However, not only does the speed of the transition matter but so does its extent. As the authors claim, simultaneously promoting growth in new sectors and protecting the old ones is impossible. Growth was significantly weaker in countries where private firms lacked access to loans (loans went to state enterprises), which hindered new firms from entering the market and disrupting the inefficient status quo. In Belarus, for example, private companies comprise only 26% of the market — significantly less than the Commonwealth of Independent States average.
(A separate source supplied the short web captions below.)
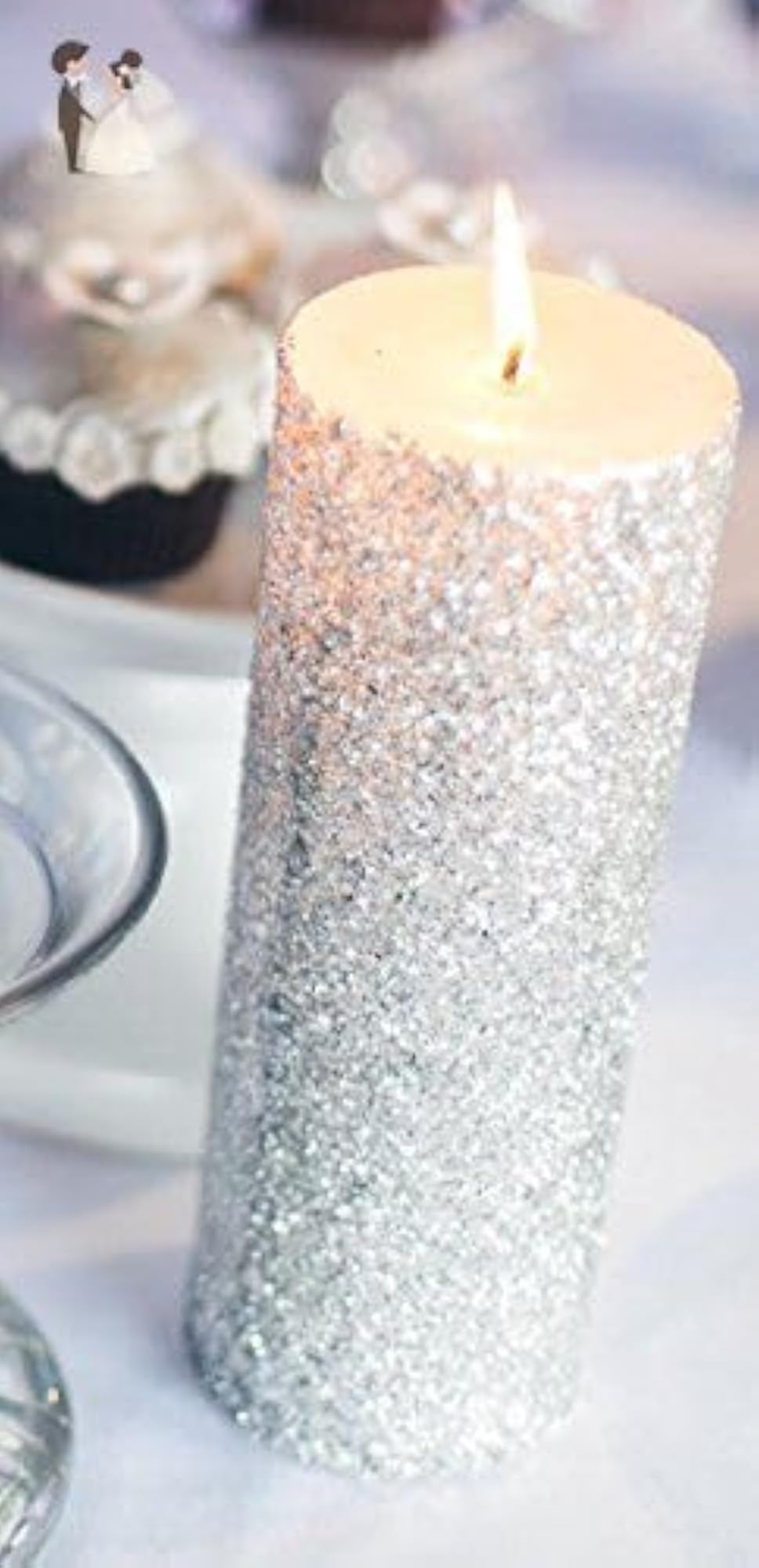 Silver Glitter Pillar Candle, Decorative Candle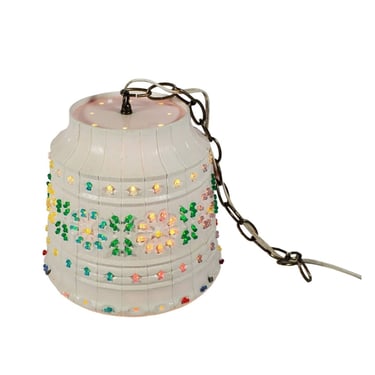 Mid Century Modern Lawnware Swag Lamp Lite Brite Colorful Flower Lighting Retro 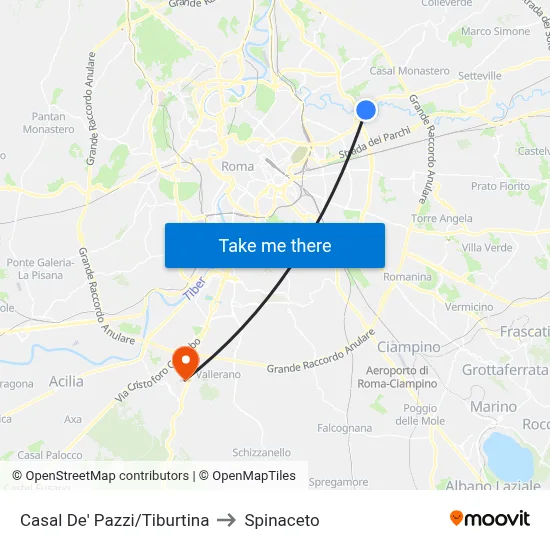 Casal De' Pazzi/Tiburtina to Spinaceto map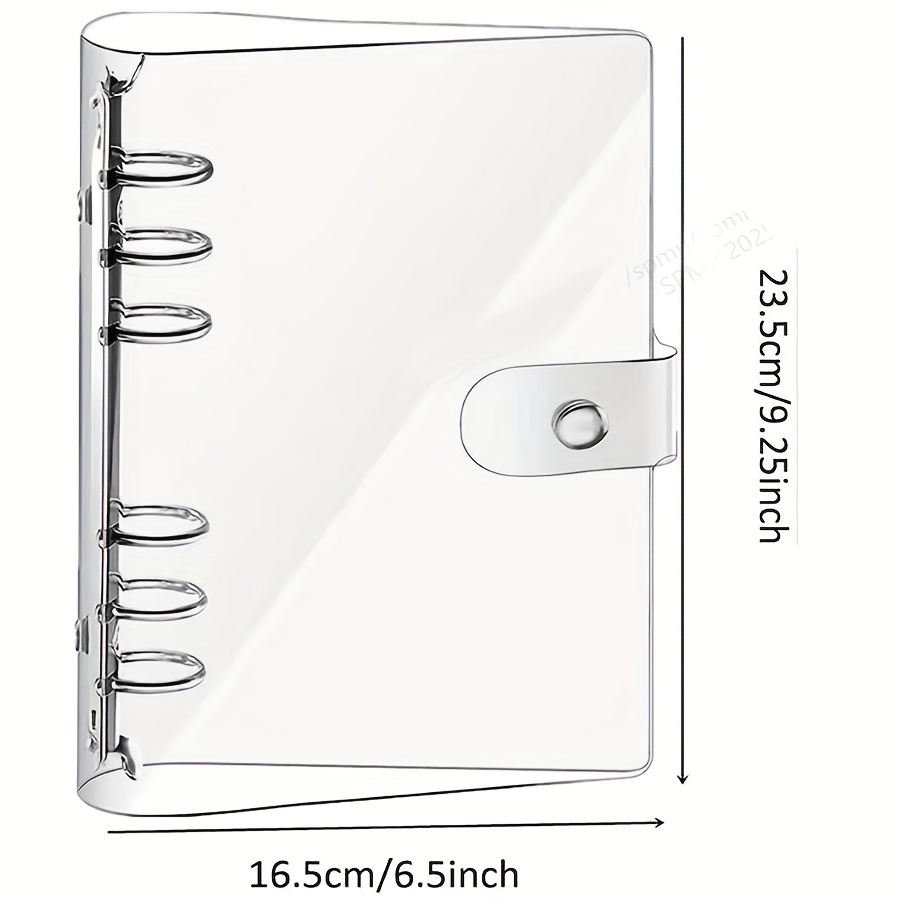 Capa Transparente para Dossiê A5/A6/A7, Pasta para Caderno de Folhas Soltas com 6 Furos em PVC, Diário de Jornal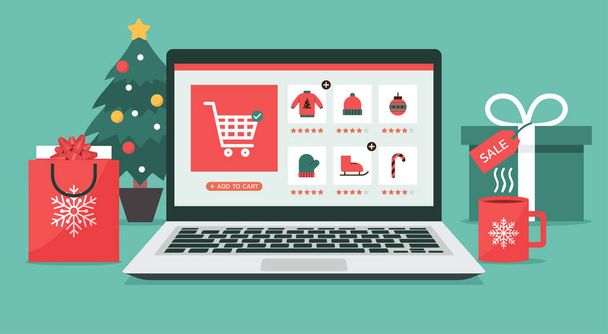 Vánoční online nákupní koncept na obrazovce notebooku s dárkovými krabicemi, nákupními taškami a vánočním stromečkem na stole, prodej zimní dovolené, plochá ilustrace - Vektor, obrázek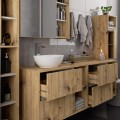 Závěsná skříňka pod umyvadlo VAMI s otvory 90 cm dub artisan/kašmír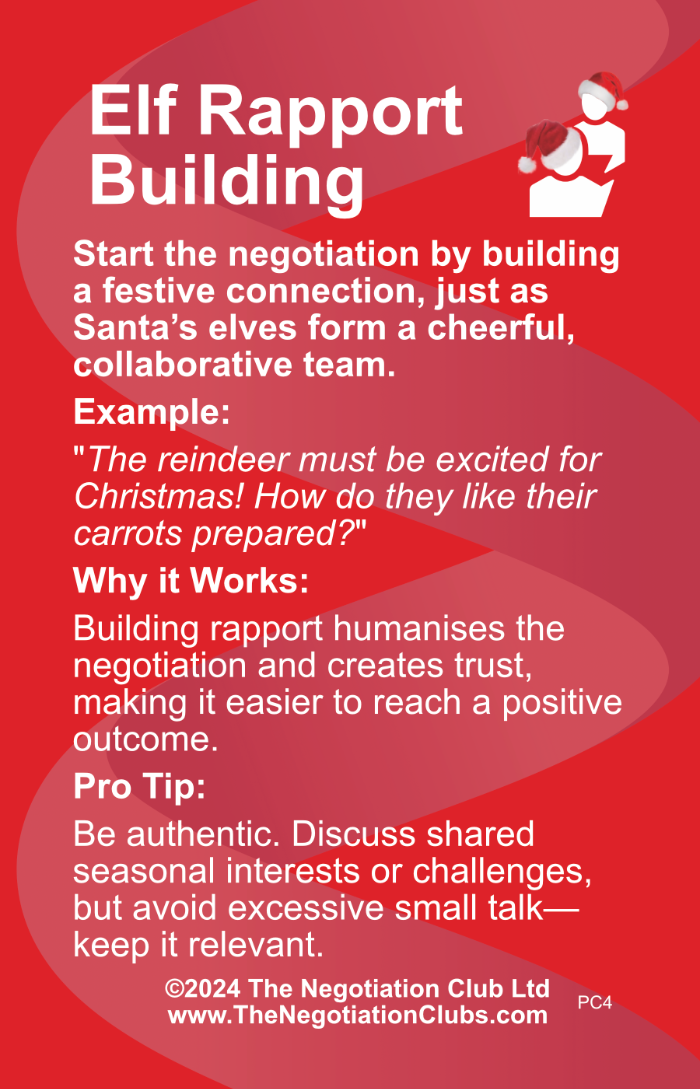 Christmas Themed Negotiation Tactic for 'Elf Rapport Building' Tactic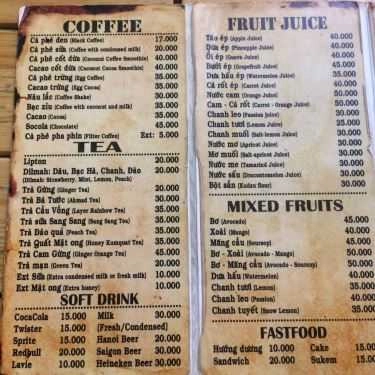 Thực đơn- Sang Sang Cafe - Nguyễn Hữu Huân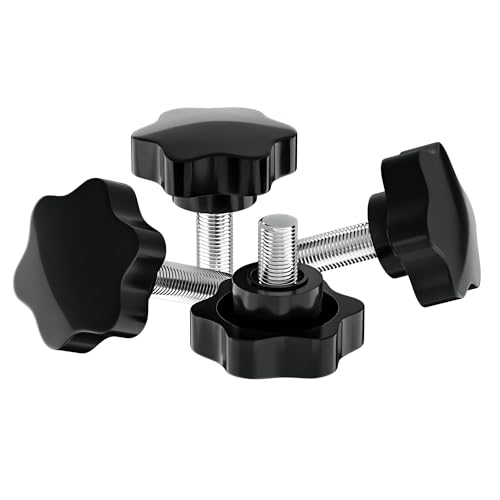 Ctyjia 4 Stück Klemmknopf Flügelschraube M6 x 10mm Sternschraube, Sterngriff Schrauben, Klemmknopf für Werkzeugmaschine, Elektronische Geräte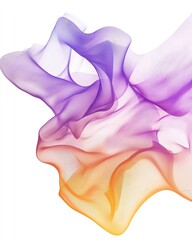 Obraz premium Abstract 3D gradient wave effect, vibrant transition from purple to orange with holographic effect, futuristic technology theme for digital design, product packaging or modern branding.
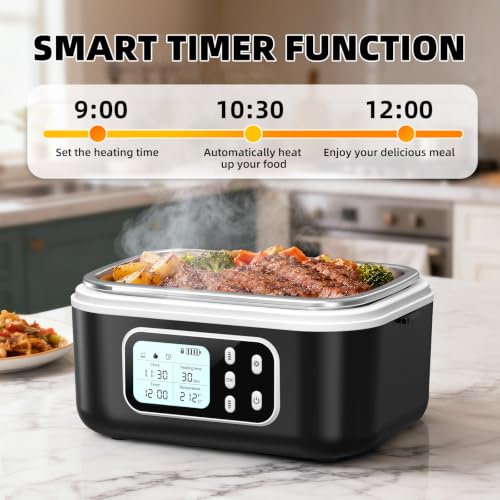 Drafin Black Cordless Electric Lunch Box 6.3 Cups with 27000mAh Battery, Rapid Heating
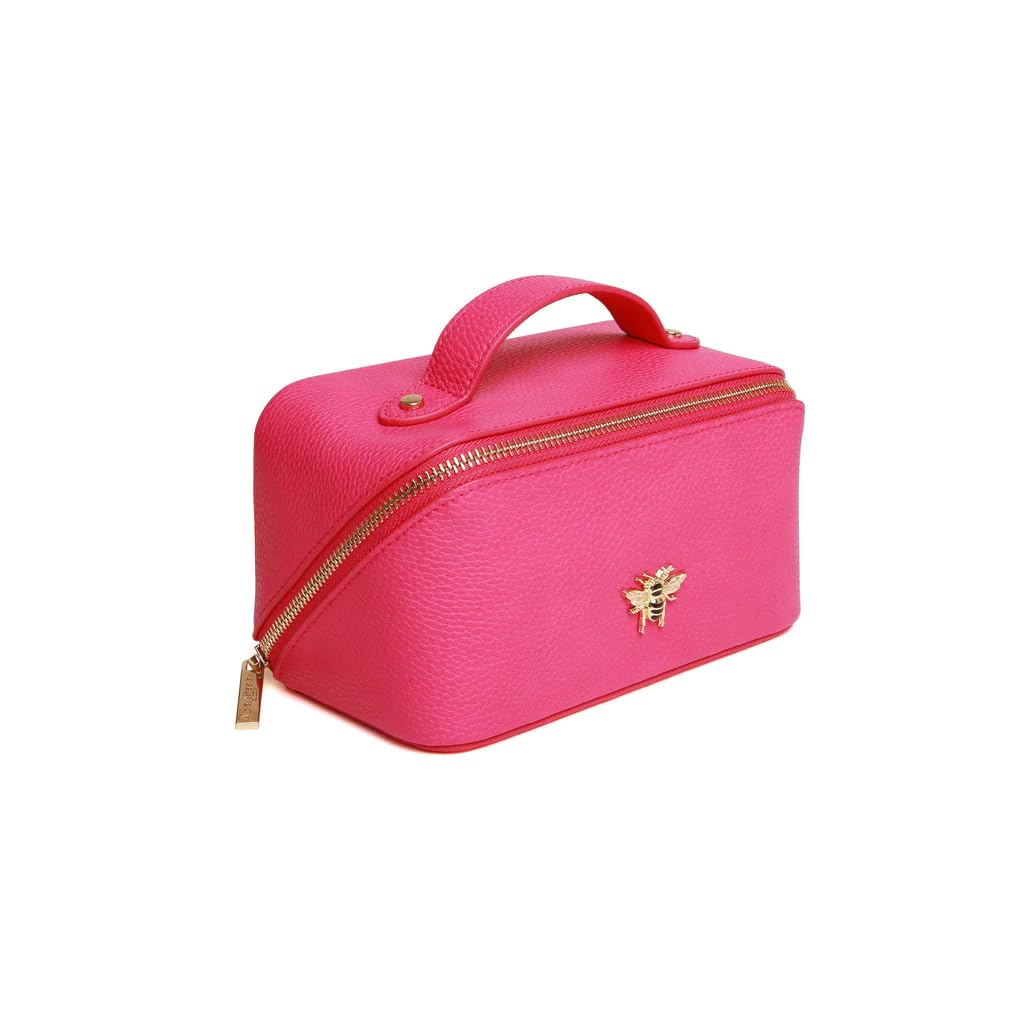 Alice Wheeler Luxury Beauty Case by London Train Case Vanity Kulturbeutel Schminkkoffer für Damen Mini, hot pink, Mini, Weiche Seiten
Economic transformation was also delayed by other “bumps” in the playing field, such as allowing inefficient state companies to delay paying for energy and covering the resulting losses by raising prices to private companies.

Bottom Line: Quick and extensive reforms in post-Soviet states have been more efficient and less costly in the long term than long and partial reforms. Those countries that implemented “shock policies” suffered a lot initially but then grew more quickly. Countries that moved more slowly stagnated without realizing their potential.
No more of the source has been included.